# Making holes in perspex



## Janine00 (Sep 20, 2008)

Hi folks... I am just building a viv stack and using perspex for the backs and wanted to know is it best to drill holes in the perspex in order to screw through it to attach it to the wood or use a heat source to melt holes?

Is it easy to crack it if I drilled the holes, as I have had it cut to size?

Any advice or tips welcome :2thumb:


----------



## Lotus Nut (Jan 7, 2008)

Why use perspex for the back when wood is fine?

Perspex can crack when drilling so dont drill too near edges, if burning a hole i it will rise up around the hole and melted bits will become brittle and top will not be even leading uneven pressure around hole area. You could use aquarium silicone to glue it and around edges.


----------



## Janine00 (Sep 20, 2008)

I am using perspex as this is going to be in my lounge, so also needs to look good... The base unit is just 4 rectangular wood units on two uprights originally brought from Ikea years ago as a bookshelf / storage unit, and am just doing a make over.... am also thinking of putting a low level (red or blue moonlight led) backing light vertically behind the stack to allow for viewing when we are home in the evenings.

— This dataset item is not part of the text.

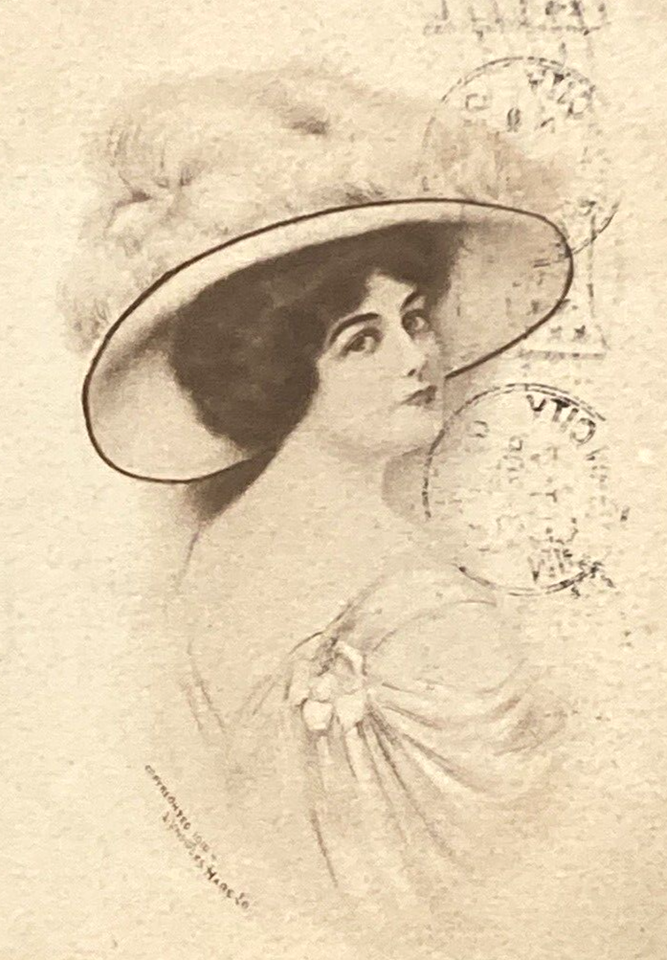 Fancy Lady in Feathered Hat Artist J. Knowles Hare Sepia DB Art ...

Thanks for the gluing idea though... for some reason this idea had not occurred to me at all, even though I knew I would have to seal all around the edges with aquarium sealant once everything in place... definately mentally blonde..:lol2:


----------



## Reptacular Ltd (Nov 1, 2008)

Hi

Put a piece of masking tape over the bit you need the hole in. Start with smallest drill bit possible (pilot hole, then gradually get bigger). Put your drill on slowest speed as well.

even this will not guarantee that its going to crack, buts thats how i have done it in the past and "touch wood" never cracked perspex.


----------



## Janine00 (Sep 20, 2008)

Thanks for that... found old piece and tested using both metal and masonry drills, found metal drill better as long as on slow speed as said. Done all now and just glued them on, will add corner screws tomorrow and start on wiring... J


----------



## freekygeeky (May 25, 2007)

soldering iron


----------